Picking the right hedge fund manager was probably never easy, but in recent years it has become an even greater challenge. Yet it is essential: You can invest in a winning strategy but still lose if the manager lacks the right expertise.
Top hedge fund managers do much better than the strategy average; their less skilled counterparts can do dramatically worse. Whether an investment in a given style is a brilliant success or painful failure depends on the choice of the fund and the individual or team managing it. An investor in global macro could have made 20% in the past 12 months–or lost 10%.

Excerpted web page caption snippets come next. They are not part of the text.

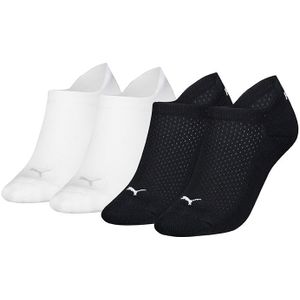 PUMA dames 4-pack sneakersokken zwart & wit dames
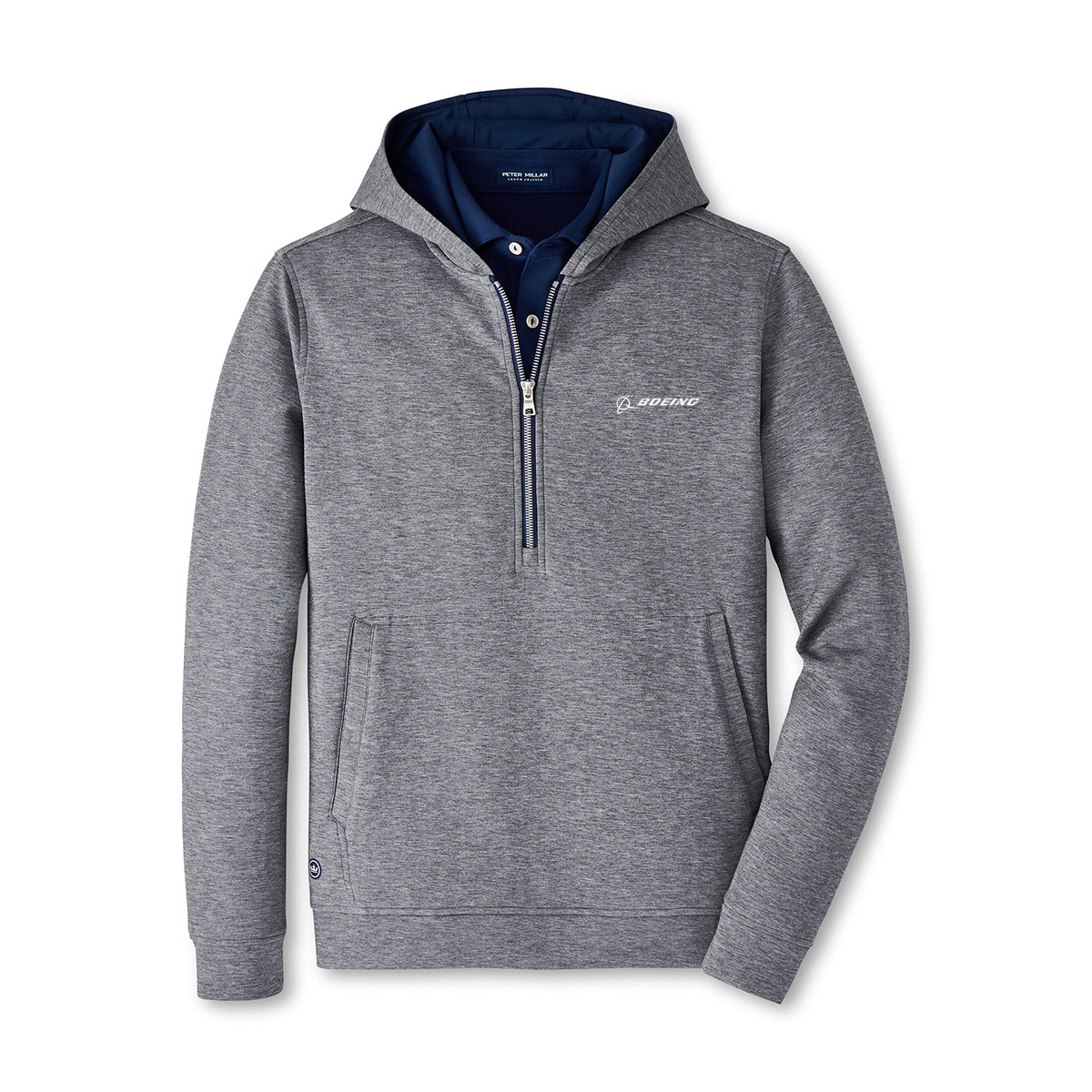 Full product image of half-zip hoodie.  Features a kangaroo pouch pocket.  White Boeing logo on left chest.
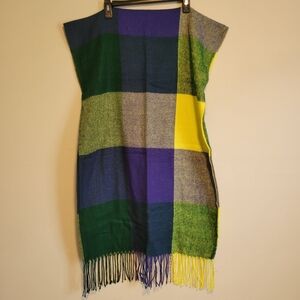 Colorful Plaid Sweater Scarf with Fringe New Without Tags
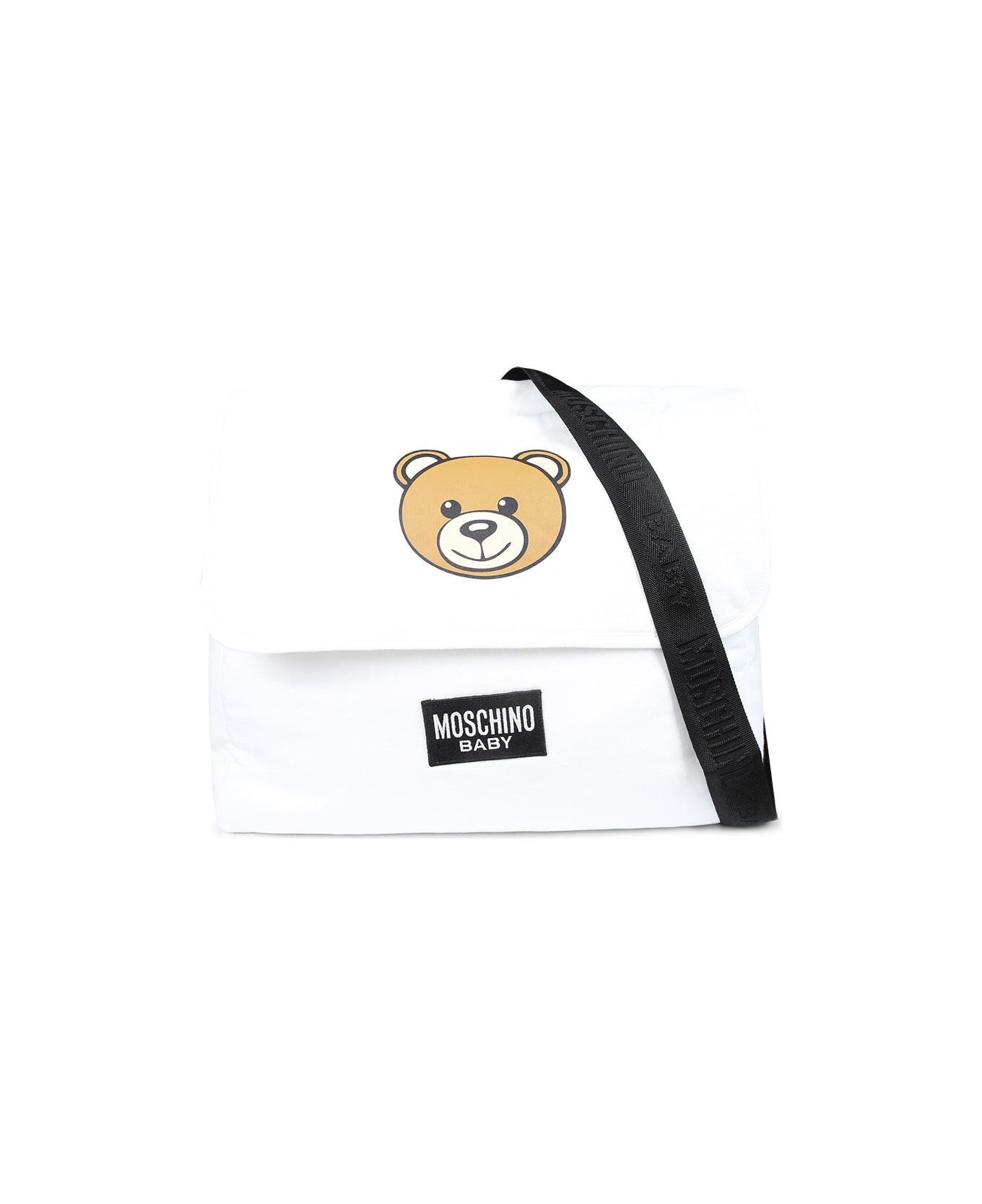 Moschino Ivory Changing Bag For Babykids With Teddy Bear - Ivory
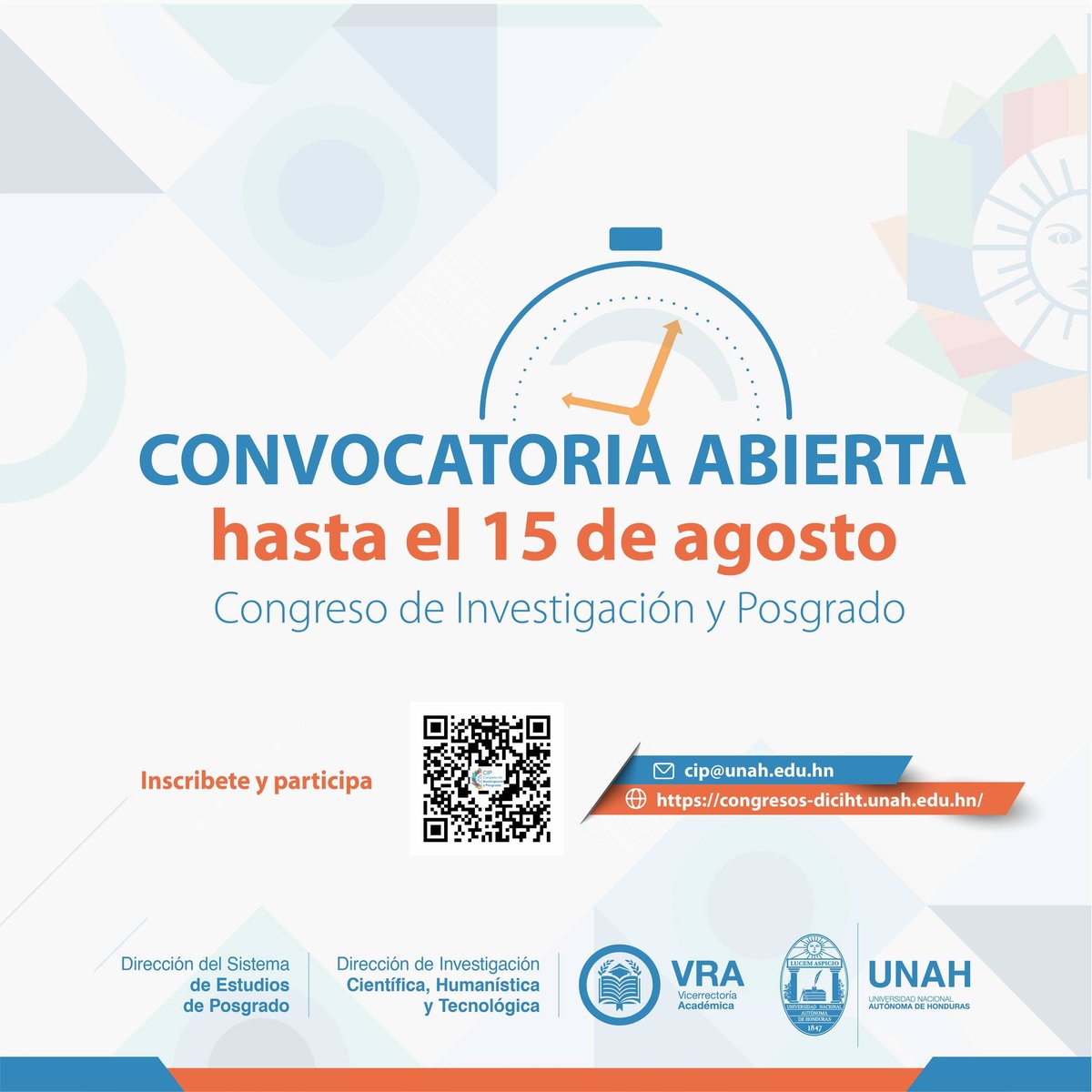 DICIHT_UNAH's tweet image. Sigue abierta la convocatoria del CONGRESO DE INVESTIGACIÓN Y POSGRADO UNAH-2024...no te quedes sin participar!!!
Envía tu postulación al enlace:
congresos-diciht.unah.edu.hn
UNAH Universidad Nacional Autónoma de Honduras
#Vicerrectoría Académica UNAH
#Presencia Universitaria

“This is a talent pool; not an asset class,” says Robert Discolo, head of hedge fund strategies at AIG Global Investment Group, the asset management arm of the insurance and financial services company. “We can tell a good manager from a bad one early on, but it is very hard to tell the good from the great.”
AIG was one of the earliest institutions to invest in hedge funds–in 1982. Now Discolo’s group employs 25 analysts, who are divided into four groups in the United States covering long/short equity, event-driven, macro, and commodity trading adviser strategies. They also work as generalists in Europe and Asia.
They assess between 500 and 600 managers a year, first analyzing returns and volatility and then evaluating qualitative characteristics. It takes different skills to do this. It helps to be affiliated with a large financial organization and its global network. For instance, the team can use the AIG investigative unit to do detective work.